About this task :: The records below are to be returned exactly as written, minus their pictures.

---------------

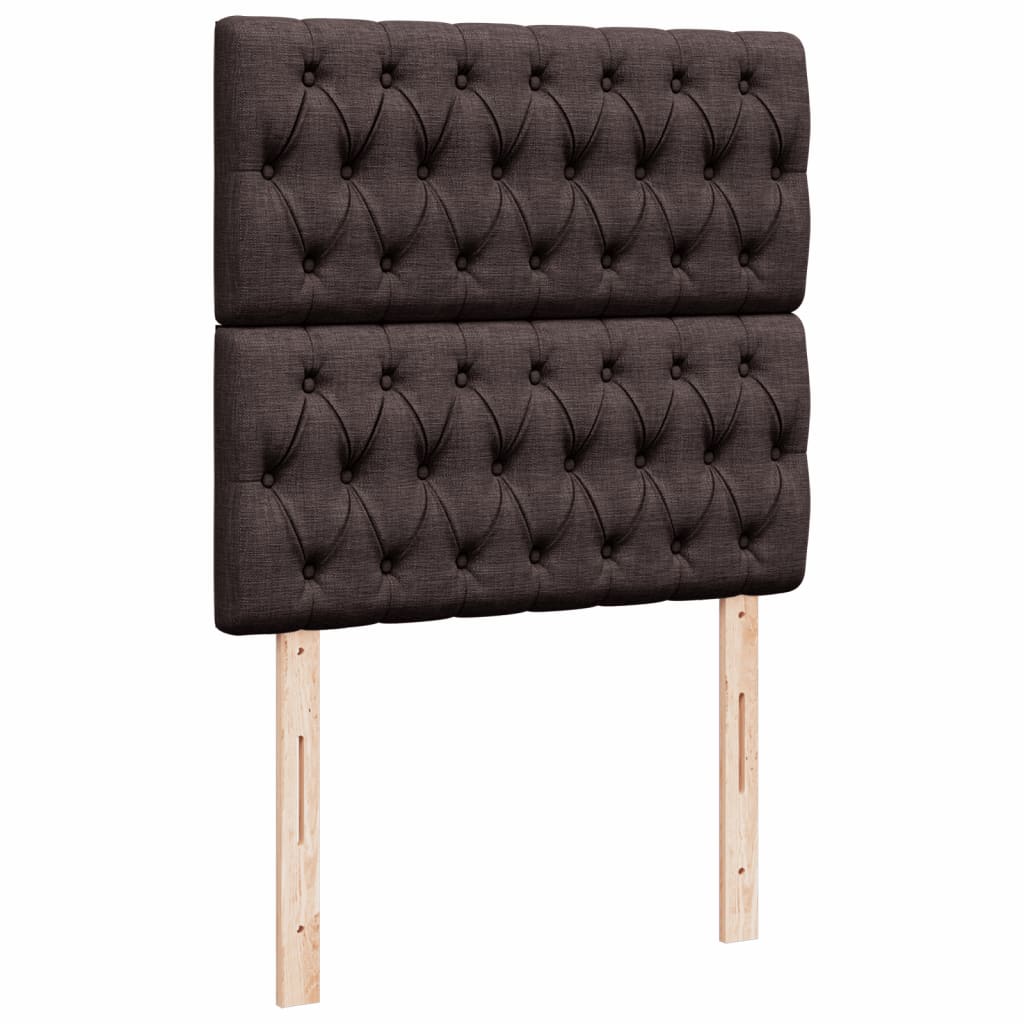 Ramsäng med madrass mörkbrun 100x200 cm tyg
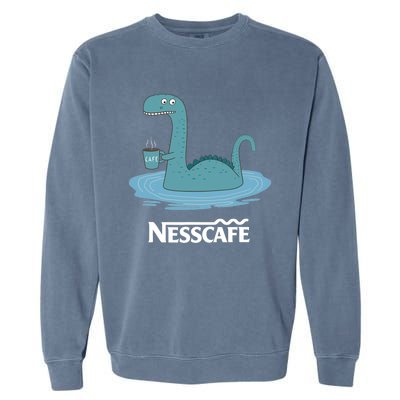 Funny Coffees For - Funny Loch Ness Monster Garment-Dyed Sweatshirt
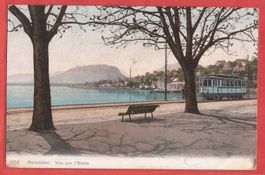 Neuchâtel - Tram am Quai - Vue sur l'Evole - 1907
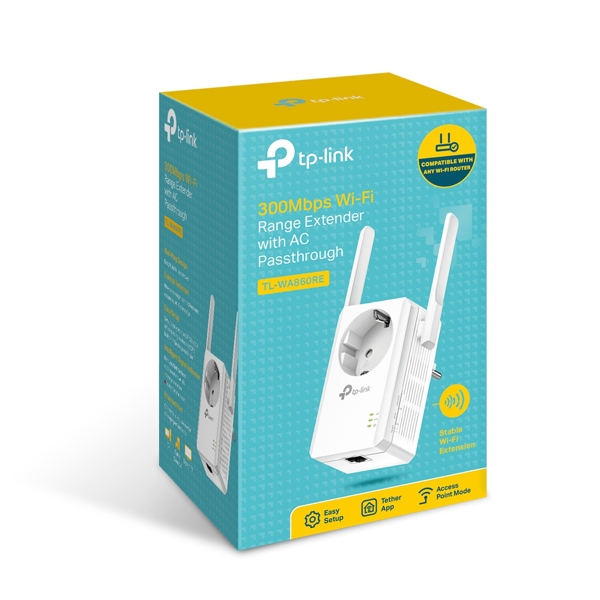 WI-FI მიმღები TP-Link TL-WA860RE 300Mbps Wireless N Wall Plugged Range Extender with AC Passthrough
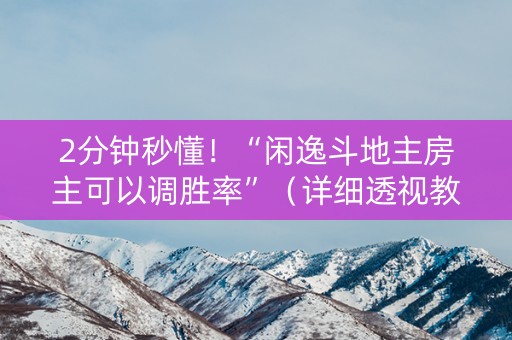 2分钟秒懂！“闲逸斗地主房主可以调胜率”（详细透视教程）-哔哩哔哩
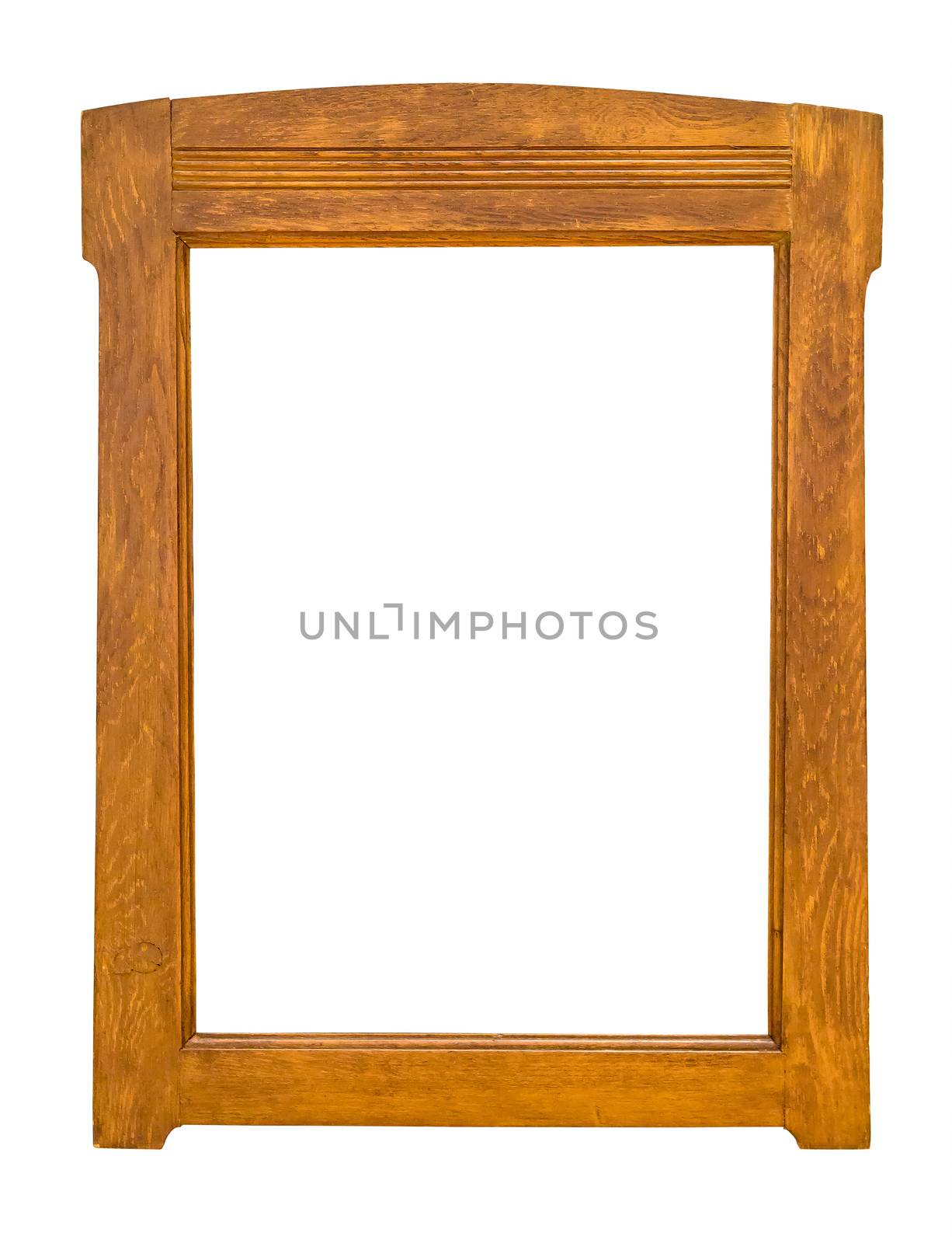 Wooden picture frame isolated on white background with clipping path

---------------

Output ::
 Ramsäng med madrass mörkbrun 100x200 cm tyg
 Funny Coffees For - Funny Loch Ness Monster Garment-Dyed Sweatshirt
 Neuchâtel - Tram am Quai - Vue sur l'Evole - 1907
 WI-FI მიმღები TP-Link TL-WA860RE 300Mbps Wireless N Wall Plugged Range Extender with AC Passthrough
 2分钟秒懂！“闲逸斗地主房主可以调胜率”（详细透视教程）-哔哩哔哩
 Wooden picture frame isolated on white background with clipping path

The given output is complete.